After nearly two months of rehearsals, there’s just one way the cast of the Toronto production of Dear Evan Hansen is feeling: ready. “Well…ready for an audience,” star Jessica Sherman—who plays Heidi Hansen, mother to the titular Evan—clarifies. “You learn so much from the audience reacting. It’s time.”

Sherman, her co-stars and the creative team behind the show, including multi-award winning songwriters Benj Pasek and Justin Paul (you know their music from movies like La La Land and The Greatest Showman), are gathered to meet media in the basement of the Royal Alexandra Theatre the morning of opening day. The Toronto staging marks the first international production of the Tony-winning play (with a mostly Canadian cast to boot), about a troubled teen who lies about being friends with a classmate who has recently died by suicide. It’s a musical that touches on issues of social media and mental health, and is one that has deeply resonated with the loyal and passionate following it has grown.

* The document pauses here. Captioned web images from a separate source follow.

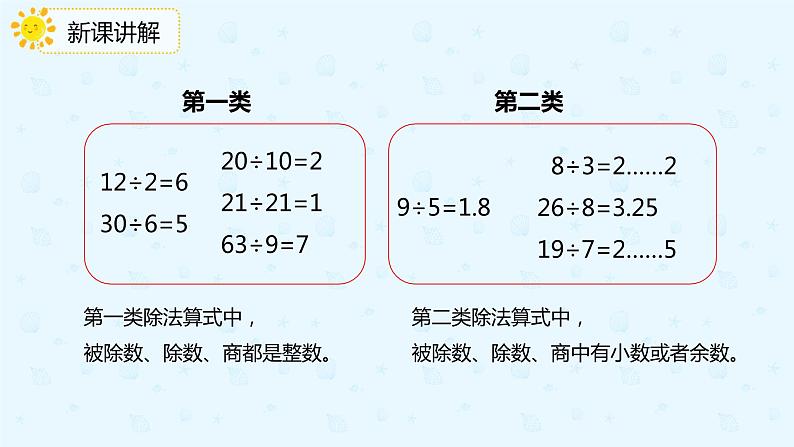 人教版五年级数学下册第2单元第1课时 因数和倍数课件PPT第7页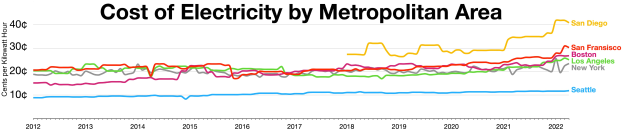 Eine Liniengrafik auf einem weißen Hintergrund, die die Stromkosten über metropolitane Gebiete zeigt, mit verschiedenen farbigen Linien und begleitendem Erklärungstext.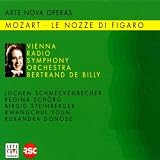 Le Nozze Di Figaro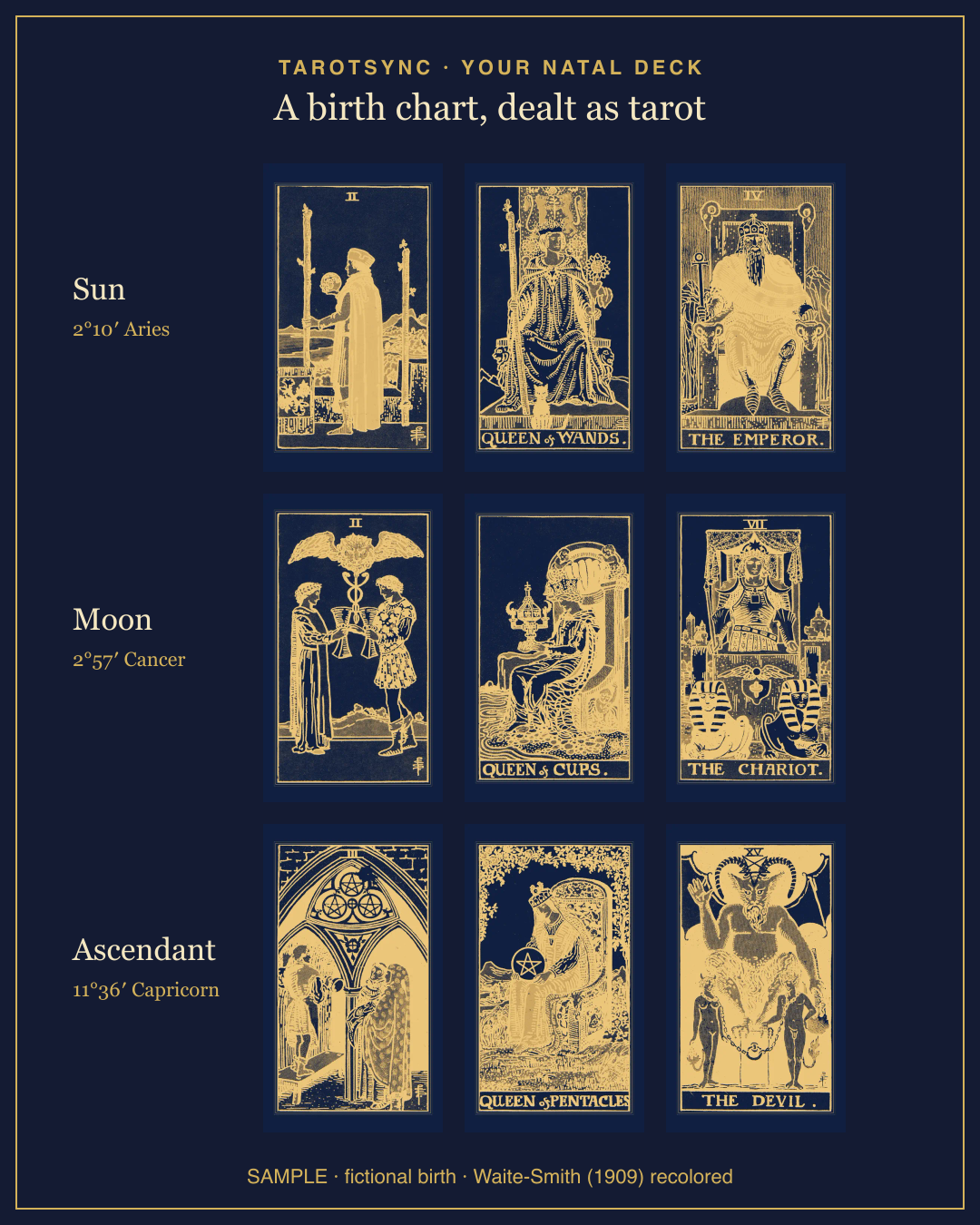 Sample natal spread for a fictional birth: Sun, Moon and Ascendant, each with its decan, court and Major card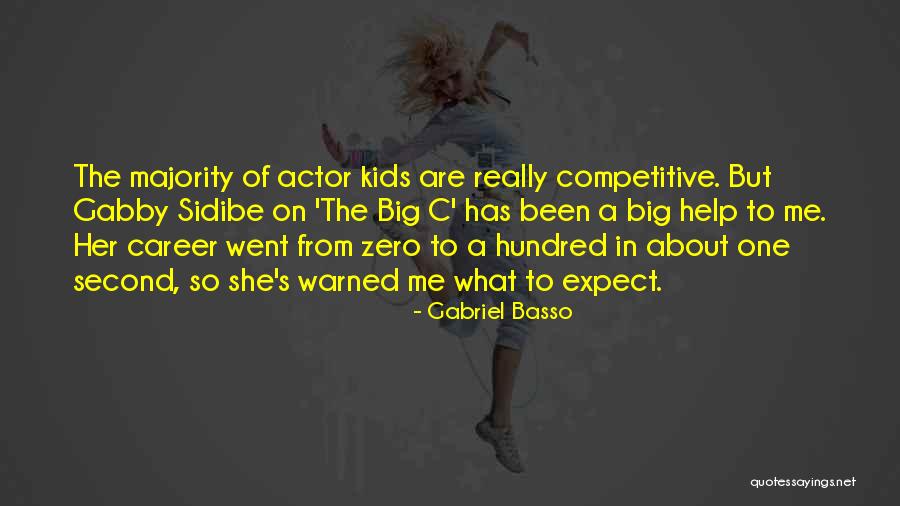 Almost Finished Gif Quotes By Gabriel Basso Almost Finished Gif Quotes By Gabriel Basso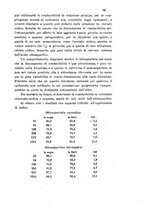giornale/LO10010914/1905/V.35.1/00000651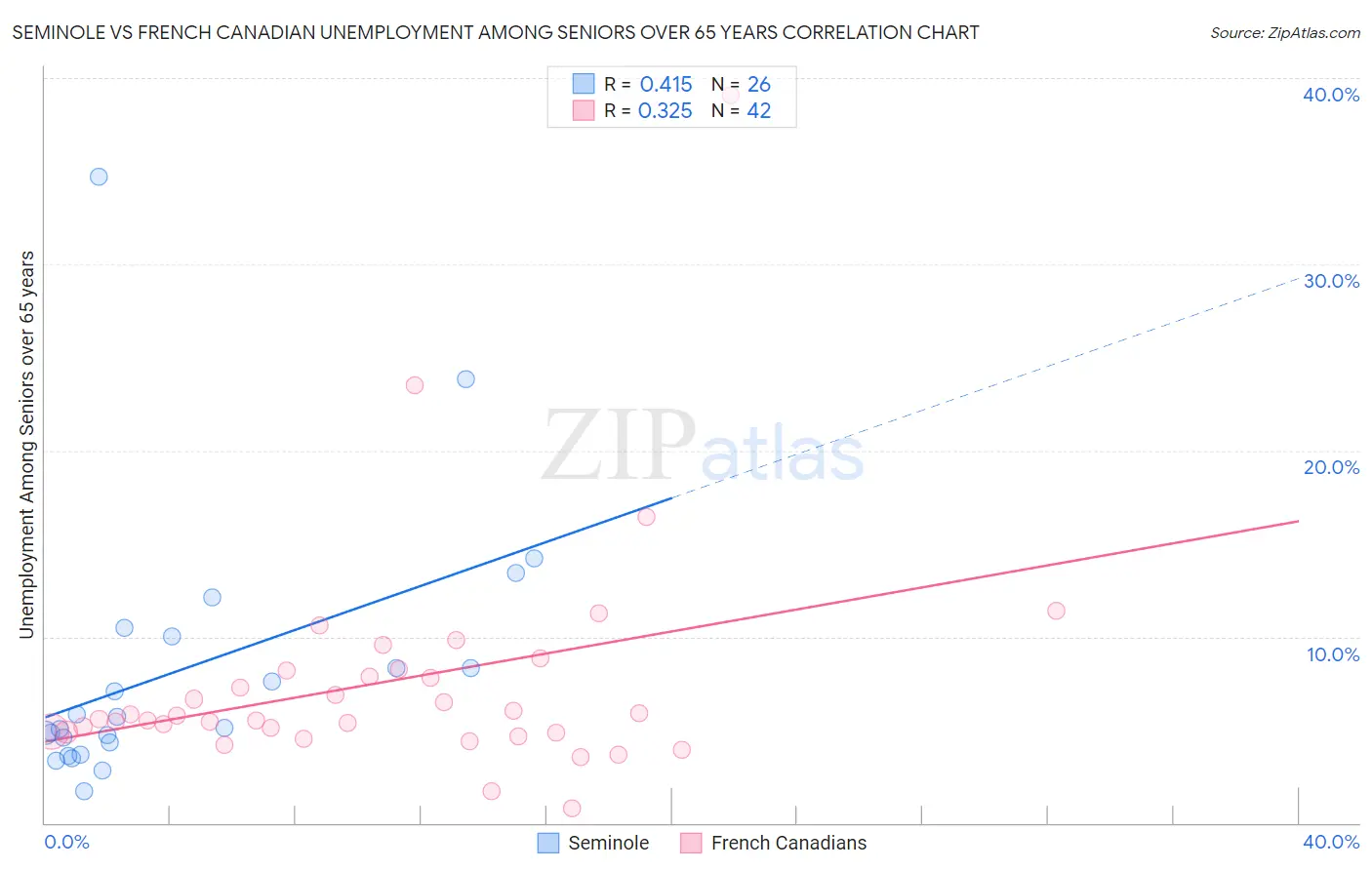 Seminole vs French Canadian Unemployment Among Seniors over 65 years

And with that built-in following also comes a lot of pressure, cast members admit. “It’s both empowering and humbling,” Sherman, who is a Toronto native, says. “There’s a very big responsibility to this. We’re not just mucking about on stage—this show really speaks to a lot of people in a deep and profound way. We can’t mess with that.”



Claire Rankin (you may recognize her from on-screen roles in movies like Molly’s Game), who plays Cynthia, agrees. “[People resonate] with this show because it’s about the feeling of wanting to be connected,” she says. “I think all of us are hoping for more of that in our lives. It’s very universal.”

Sherman and Rankin ultimately are proud to be part of a beloved musical that they say creates space for conversations about mental health. They hope that when audiences leave at the end of the night, they walk away with two things. First, the realization that everyone is struggling with something and it’s okay to speak out and ask for—or offer—help.

And the second?

“Tissues,” Sherman says, laughing. “I hope you have just one dry one left.”